The Lords of Salem is a film that like all previous Rob Zombie pieces will divide the audiences, although this little gem will perhaps be the one that stands high above the previous ones. There’s a potent value in Zombie returning to his own universe and leaving remake city behind. The Lords of Salem will become a seminal work in this director’s catalogue.
Radio Dj Heidi Hawthorne [Sheri Moon Zombie]  both works and parties hard. Together with her colleagues Herman “Whitey” Salvador [Jeff Daniel Philips] and Herman Jackson [Ken Foree] she is part of Salem’s most popular radio show.
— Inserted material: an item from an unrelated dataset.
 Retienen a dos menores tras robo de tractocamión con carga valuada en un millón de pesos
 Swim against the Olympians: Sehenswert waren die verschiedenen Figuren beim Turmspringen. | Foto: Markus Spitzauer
One day a vinyl record addressed to Heidi containing raw primitive ambience of a band calling themselves The Lords of Salem, is delivered at the station. No press release or explanation is given with the record, just the record in a wooden box with a cryptic logo on the front. The sound of the record evokes strange visions and nightmares of ancient witch trials. Before the night is over there are ghosts lurking in the corridors of the house Heidi lives in, and the ritual is just about to begin once again.

Zombie knows how to tell a story. If you ask me, he’s matured into one of the greatest indie horror storytellers out of the US in a long time. He knows that taking time to present the unique universe, establishing characters, breathing mystery into the narrative and delivering realistic twists and shocks are key to making it work. Neither is he a stranger to flipping conventional roles on their heads and offering alternative angles to the classic protagonist/antagonist roles, which gives an interesting dimension to characters. As said, Rob Zombie plays for keeps and he’s building up quite a catalogue of work in the last few years.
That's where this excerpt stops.